I saw
this story on
Deadspin on November 1. I didn't blog about it because, well, I was on vacation at the time and then, I forgot about it.
The gist of the story has to do with a former Appleton Fox. You may have heard of him.
Alex Rodriguez isn’t going to be a Tiger in 2008, but maybe he’ll consider an offer from the Toledo Mud Hens.
On Sunday, after SI.com reported that Rodriguez would opt out of his contract and become a free agent, New York Yankees senior vice president Hank Steinbrenner told the New York Times, “Does he want to go into the Hall of Fame as a Yankee, or a Toledo Mud Hen?”
And the $350 million contract was offered -- with some big time incentives.

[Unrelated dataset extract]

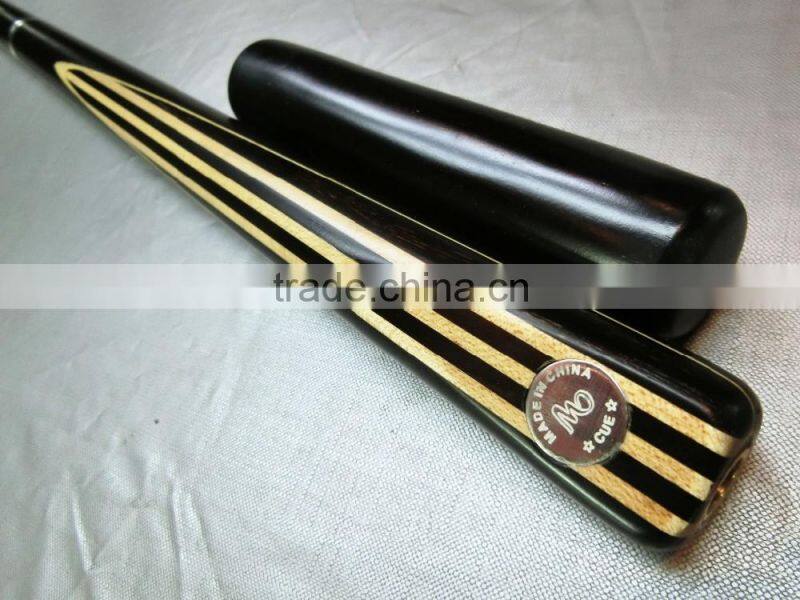 Hot sale 3/4 joint ash wood snooker cue with extension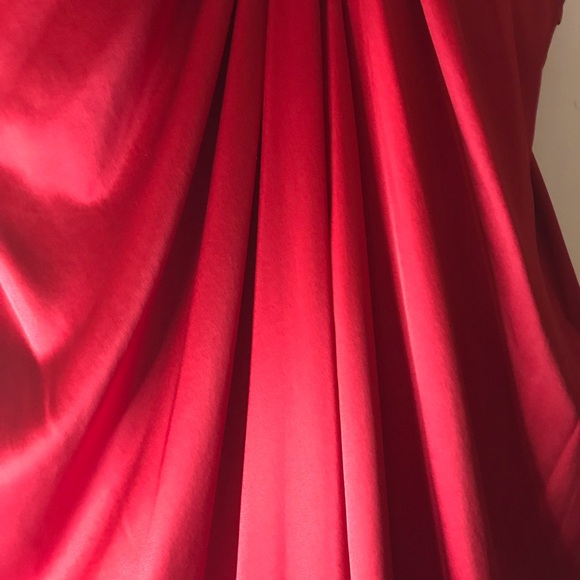 NWT, Gorgeous Banana Republic 100% Silk Mini Dress, Size: 4P, Color: RED - Picture 6 of 11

The Mud Hens also prepared a letter that they plan to mail to Rodriguez’s agent, Scott Boras. Included is a contract offer with incentives if he hits 75 home runs per season and leads Toledo to 10 straight Governors’ Cup titles.
That's all?
The New York Times catches up with the story today. No, not catches up with it. Adds on to it. The question here is, "Could Alex Rodriguez meet the offensive incentives in Toledo?"
Rodriguez’s production with Toledo can be estimated using a series of formulas known as Minor League Equivalencies. By studying the effect that promotion to the big leagues has had on component statistics like doubles and strikeouts for the thousands of players who have gone to the majors from the minors, analysts have developed equations to translate statistics between competition levels. And although the formulas are typically used to evaluate minor league prospects, they are equally reliable when applied in reverse.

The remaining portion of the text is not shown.